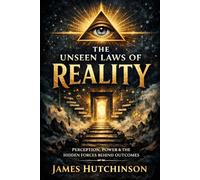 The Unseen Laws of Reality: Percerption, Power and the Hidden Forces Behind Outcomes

# # #

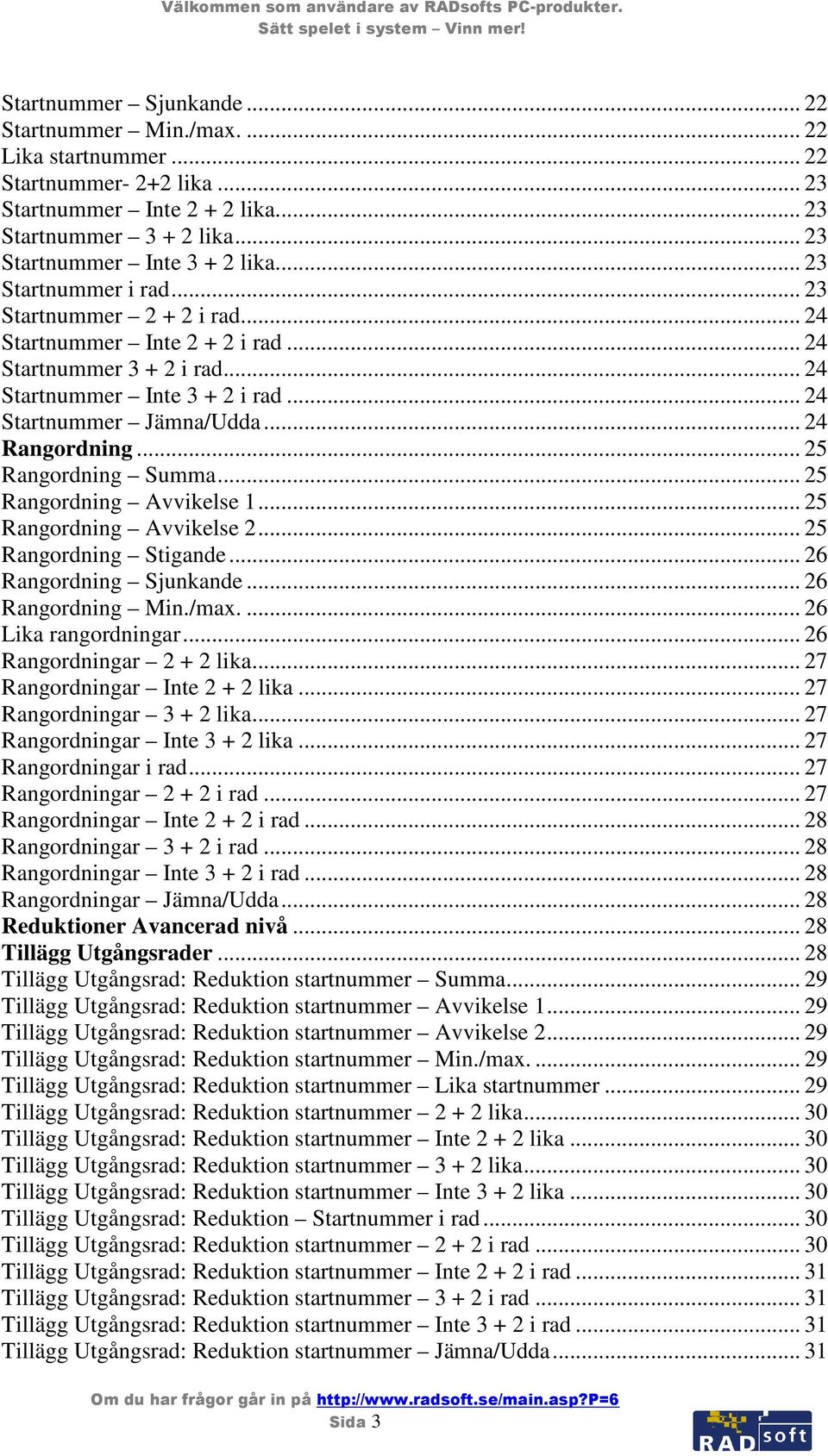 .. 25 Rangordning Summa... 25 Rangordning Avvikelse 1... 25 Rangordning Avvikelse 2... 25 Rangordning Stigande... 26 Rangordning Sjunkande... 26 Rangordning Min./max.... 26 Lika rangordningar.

# # #

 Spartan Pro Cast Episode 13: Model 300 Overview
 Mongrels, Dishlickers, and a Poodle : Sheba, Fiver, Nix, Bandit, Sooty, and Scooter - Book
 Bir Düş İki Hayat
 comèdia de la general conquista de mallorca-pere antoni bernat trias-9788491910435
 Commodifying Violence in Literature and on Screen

# # #

Activity »
In the listing above, start at the line with "Spartan Pro Cast", go on through the line with "Commodifying Violence in", and copy each of those lines exactly; leave out all the rest.

Your response »
 Spartan Pro Cast Episode 13: Model 300 Overview
 Mongrels, Dishlickers, and a Poodle : Sheba, Fiver, Nix, Bandit, Sooty, and Scooter - Book
 Bir Düş İki Hayat
 comèdia de la general conquista de mallorca-pere antoni bernat trias-9788491910435
 Commodifying Violence in Literature and on Screen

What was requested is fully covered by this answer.